Other highlights from the meeting of finance ministers and central bank governors at the weekend, the last before the G20 Summit in September, included a potential issuance of Special Drawing Rights (SDR)-denominated bonds in China next month.
Global Reform: A New International Tax System
A new global tax system should be fair, equal, inclusive and organized to cope with globalization, boost tax coordination and promote sustainable economic growth, Lou said at the meeting. Such a move would broaden global, regional and multilateral tax cooperation, and avoid overlap and discrimination, he added.
G20 countries have already reached some milestones in reducing tax evasion by companies and individuals. An inclusive framework to tackle issues like base erosion and profit shifting (BEPS), referring to exploitation of tax rule gaps to artificially shift profits to low or no-tax locations, has attracted 85 member nations so far, including all G20 countries.
In a bid to boost tax transparency, the G20 reiterated its call for a standard for the automated exchange of information by 2018, and for the signing of the Multilateral Convention on Mutual Administrative Assistance in Tax Matters. So far 96 countries and regions have promised to exchange taxation information automatically.
Domestic Reform: Taxing the Digital Economy
Lou agreed with the need to tax e-commerce, financial technology and services based on the shared economy, such as private car services offered by companies like Uber and China's own rival Didi Chuxing.
China started to tax goods imported through e-commerce channels in April, using a combination of tariffs, value-added tax (VAT) and applicable consumer taxes. Before that, consumers paid very little tax for imported goods purchased directly through e-commerce channels, undermining domestic Chinese manufacturers, Lou said.
"But it is technically difficult to tax the digital world," said Lou, referring to issues such as identifying Internet users and calculating transactions over a wide range of platforms.
Other reforms such as property taxes will take longer to resolve in China, Lou said. He added it may be impossible to submit draft legislation for a property tax law by 2018, which is when legislators finish their term.

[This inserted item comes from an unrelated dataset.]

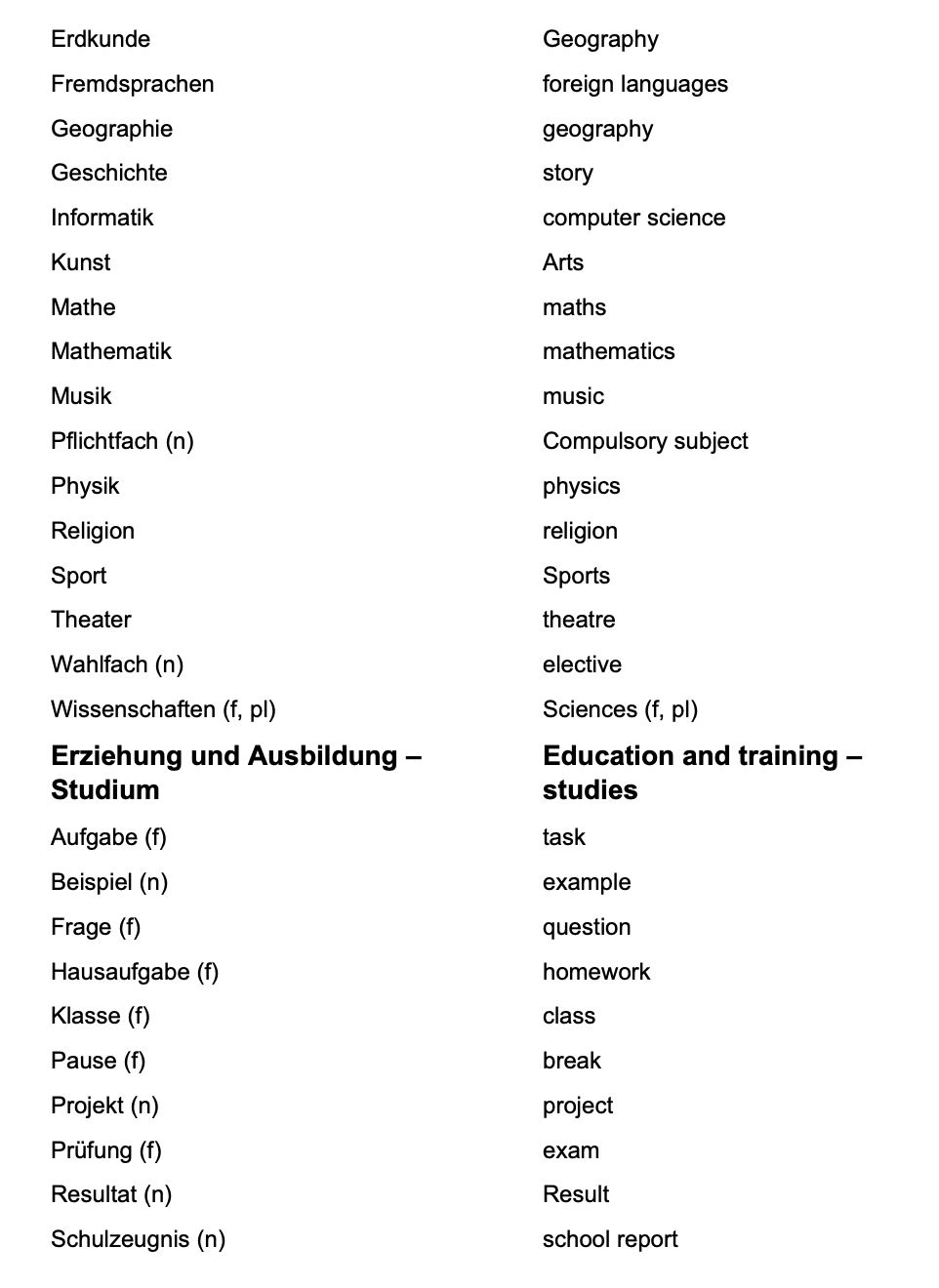 German_Vocabulary with more phrases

The issue has been left hanging for 13 years, as the government seeks to strike a balance between boosting tax revenues without overly cooling the property market.

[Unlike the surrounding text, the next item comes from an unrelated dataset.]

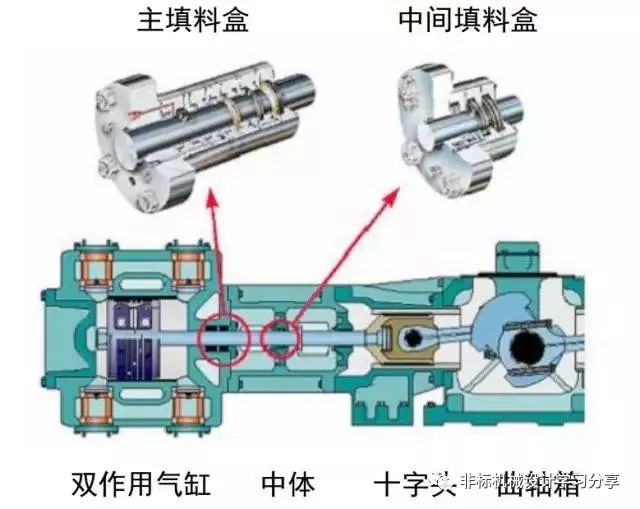 机械密封有几种类型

SDR-denominated bonds may be issued in China's interbank market as early as August, Zhu Jun, director of the international department of China's central bank, told Caixin.
Zhu said that an international development organization is preparing the bond issue, but didn't specify a name or the size of the bond.
The Chinese yuan will join the SDR basket of currencies beginning on October 1, marking a major advance for the nation as it tries to integrate itself more closely with the global financial system.